A reform - minded budget to put South Africa back on track

It is not surprising that the International Budget Partnership ranked South Africa first, along with New Zealand, on the 2017 Open Budget Index. The National Treasury has, once again, demonstrated its worth and strength through the 2018 National Budget Review. Although there are notable revenue shortfalls and taxes had to be increased, the budget framework has put South Africa back on the path of fiscal prudence, which will be positively viewed by ratings agencies. Importantly, there is a renewed focus on introducing economic reforms, which, if implemented, could lift gross domestic product (GDP) growth going forward.

 

Tax hikes

 

Value-added tax (VAT) has increased by one percentage point to 15% from 14%, to plug revenue shortfalls.
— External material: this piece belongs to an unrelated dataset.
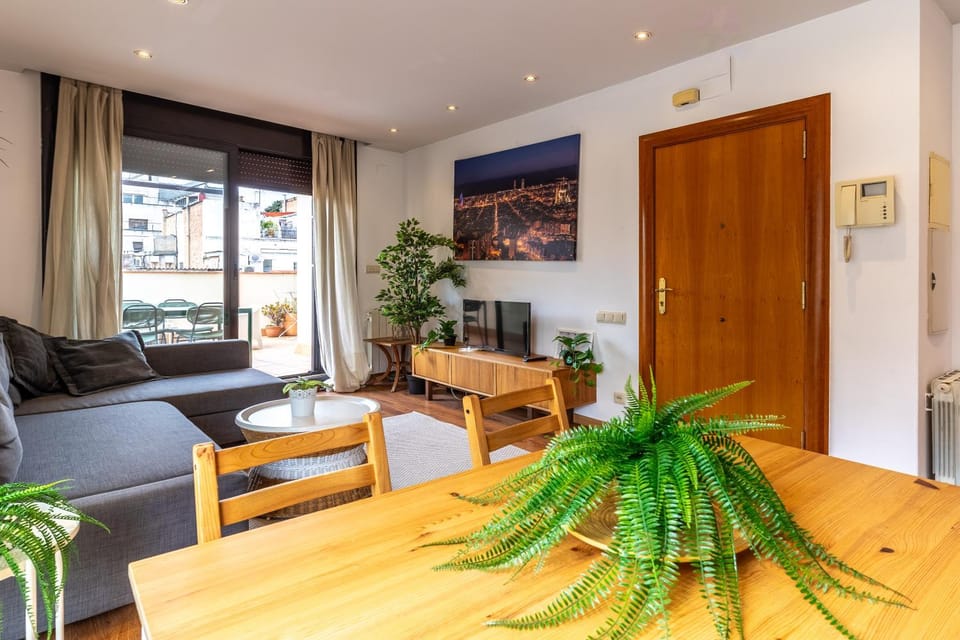 Céntrico apartamento con terraza Apartment in Barcelona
Along with below-inflation adjustments for personal income tax brackets, the VAT increase will raise R36 billion in this fiscal year. The average VAT rate in Africa is around 15%. South Africa is now in line with similar countries, including Mauritius, Ghana and Ethiopia, but would seem uncompetitive on tax relative to Nigeria, which has a VAT rate of 5%, although there are plans to increase it to 10%. The VAT increase will negatively impact the financial well-being of South Africans. Other taxes are also on the rise:

 

·         Excise duty on luxuries increased to 9% from 7%;

·         Estate duty for houses above R30 million increased to 25% from 20%;

·         A fuel levy of 52c per litre;

·         Excise duty on alcohol and tobacco increased by between 6%-10%.